In 2017, he adopted the DNA fingerprinting route. By some divine providence, he found the match with a second cousin of his who’s settled in the US, he refuses to share the family name as yet. He explained his predicament to this distant cousin who agreed to share the family tree with him — one of the persons on the tree is his father.

After much effort, he persuaded one of the uncles from the family tree, based in Mumbai, to get a DNA test done. To compare DNA profiles takes two months, and the results arrived last month, changing Kaper’s life forever. Tests proved that their DNA overwhelmingly matched to the extent this uncle, 10 years older than him, is actually his paternal half-brother. Put simply, the two have the same father. Kaper’s biological father, who died a few years ago, was having an extramarital relationship with his biological mother. This information came as a rude shock to his newfound halfbrother.

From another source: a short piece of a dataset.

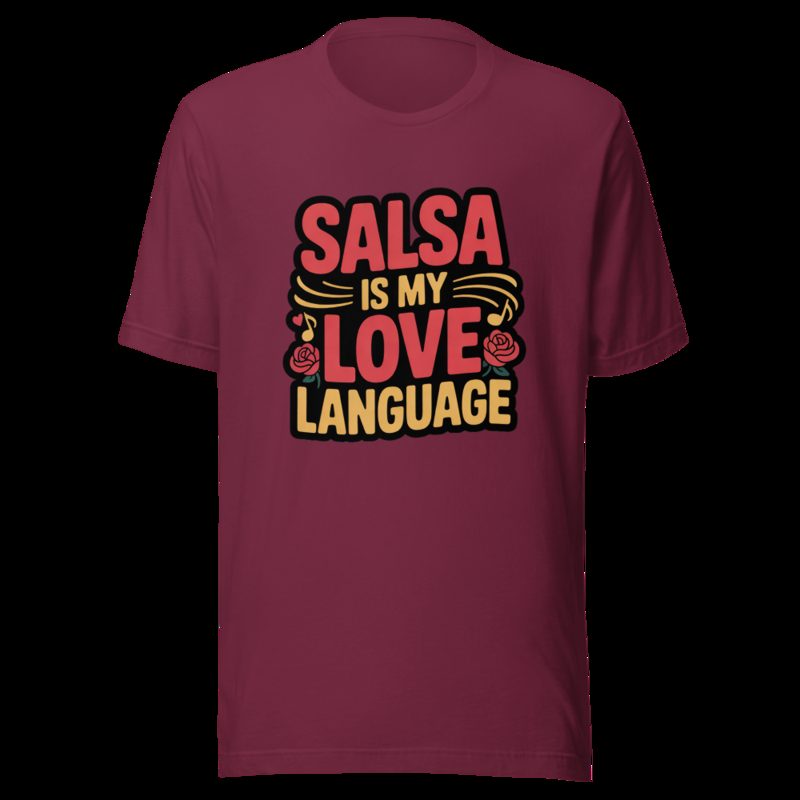Tranquilo Salsa Love Language Tee Maroon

Kaper has helped many adopted people in similar quests get the satisfaction of connecting to his bloodline.

ARUN DOHLE

In 1973, German couple Michael and Gertrude Dohle adopted Arun from Kusumbai Motichand Mahila Seva Gram in Pune. Like Kaper, he grew up with an adopted sister, “brown children of white parents,” he says. He experienced a tension between the two identities and made up his mind to look for his roots.

It took 17 years, including seven years of intense litigation, The matter went to the Supreme Court to force the authorities to show him his adoption papers that would reveal the identity of his mother. Dohle met his mother in 2010. It was a somber, composed yet emotional meeting. Dohle says his adoptive parents were friends of NCP leader Sharad Pawar’s brother Pratap, the one who’d facilitated the adoption.

Unlike many others, Dohle had an advantage, his adoption was well documented. Dohle helped others in similar quests. He found that the adoption is no act of benevolence but human trafficking, a “forced migration” and a “form of contemporary slavery.” Given the money involved, market forces of demand and supply are at play and some 1,000 children are exported every year from India. His own adoption was shown to German authorities as a case of an abandoned child to circumvent the need to seek permission from his biological mother. He calls the whole process as “erasing my original identity.”

Dohle is not against adoption but “the trade in children in the name of adoption.” With a like-minded EU bureaucrat Roelie Post, he founded an NGO called Against Child Trafficking (ACT) and unearthed adoption scandal after scandal in India, Ethiopia, Sri Lanka, Columbia, Thailand— to name a few that involved abduction of children, false documentation and cash trails. Last year, Post was fired from the EU.

Dohle clarifies that adoption has little to with child protection, which is the responsibility of the State, and for that, the government should support the poor as poverty — and rarely a child born out of wedlock — is the single largest cause of parents deserting children. He has been fighting this protracted battle without any institutional or financial support. There has been some success, recently the Dutch Council for Criminal Justice and the Protection of Juveniles, on its own initiative, has advised phasing out intercountry adoption with immediate effect.

But it has taken a heavy toll. Dohle who spends a lot of time in Pune says his situation in life is quite “dramatic” as “I have given up my flat (in Germany), social security system. I worked hard with no compensation, struggled to change the adoption laws in EU, and I’m not in touch with my adopted family.” Hopefully, there’s the light at the end of the tunnel he’s in.